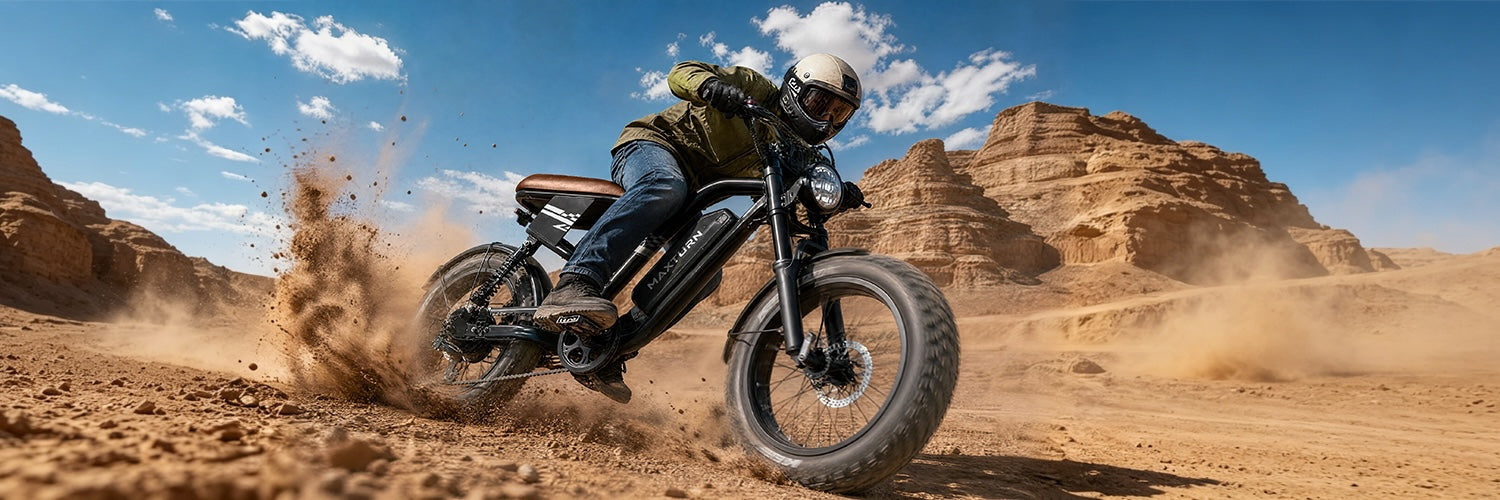 Fatbike E-Bike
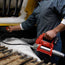 PISTOLET À GRAISSER M12 8000 PSI  (SEUL)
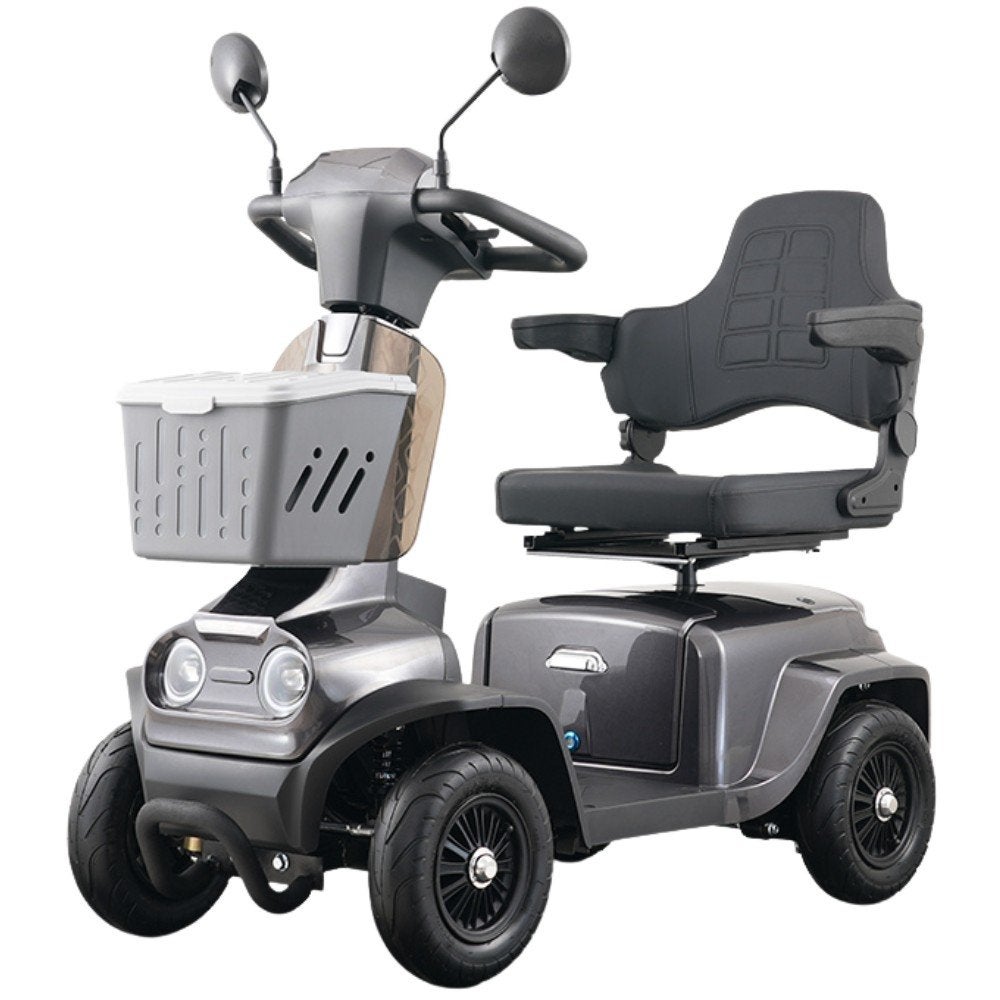 SCOOTMOBIEL Vigorous Thogo, Zo goed als nieuw, 46 km of meer, 11 t/m 15 km/u, Ophalen
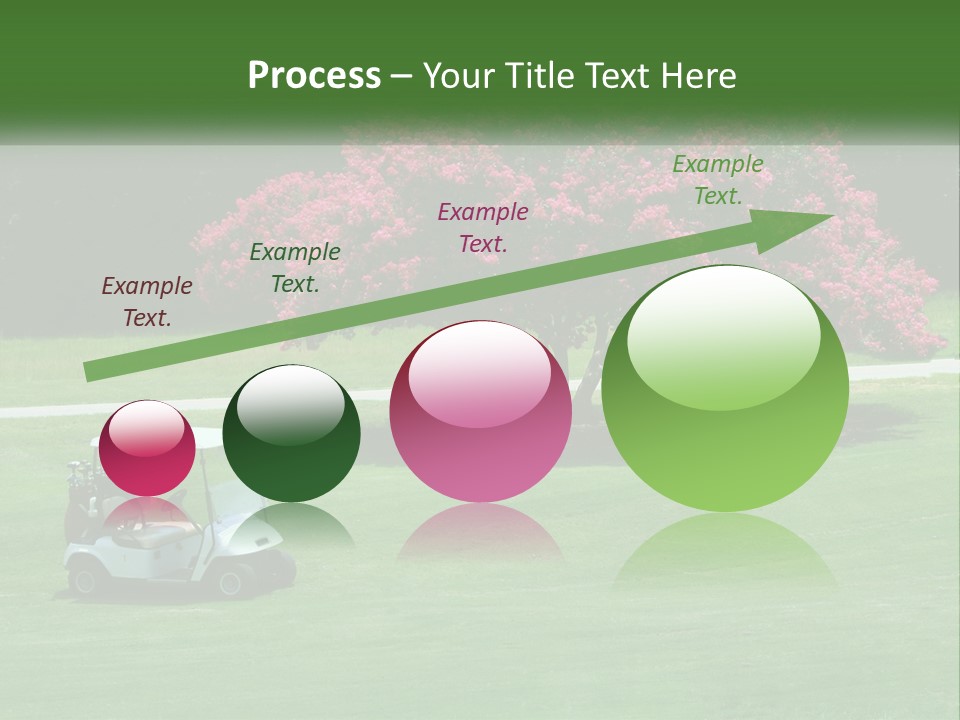 Cool Supply Heat PowerPoint Template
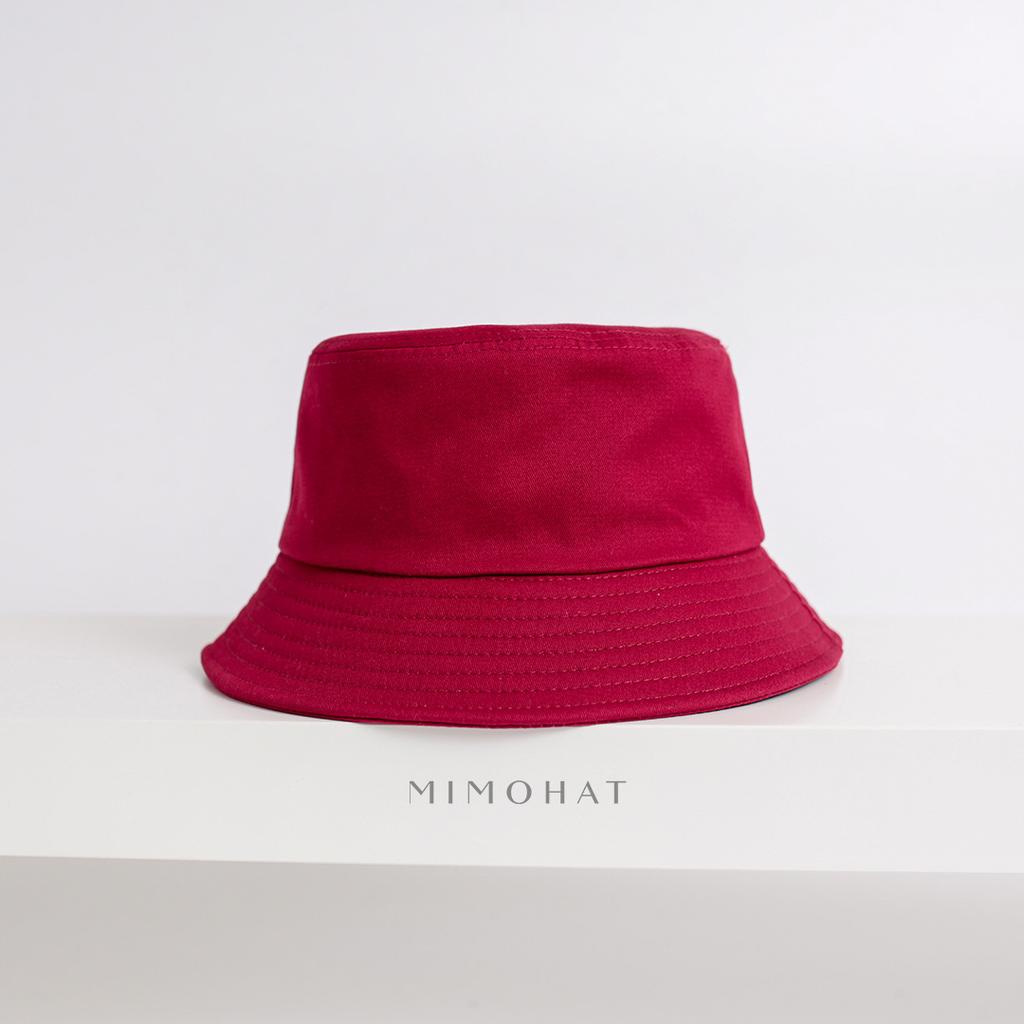 Solid Color Naked Men and Women Couples Bucket Hat Ins Versatile Basin Hat Spring and Summer Sunshade Sunscreen Hat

════

THE PROBLEM:
Give every line of the records above again, exactly, and omit the pictures.

YOUR SOLUTION:
 Fatbike E-Bike
 PISTOLET À GRAISSER M12 8000 PSI  (SEUL)
 SCOOTMOBIEL Vigorous Thogo, Zo goed als nieuw, 46 km of meer, 11 t/m 15 km/u, Ophalen
 Cool Supply Heat PowerPoint Template
 Solid Color Naked Men and Women Couples Bucket Hat Ins Versatile Basin Hat Spring and Summer Sunshade Sunscreen Hat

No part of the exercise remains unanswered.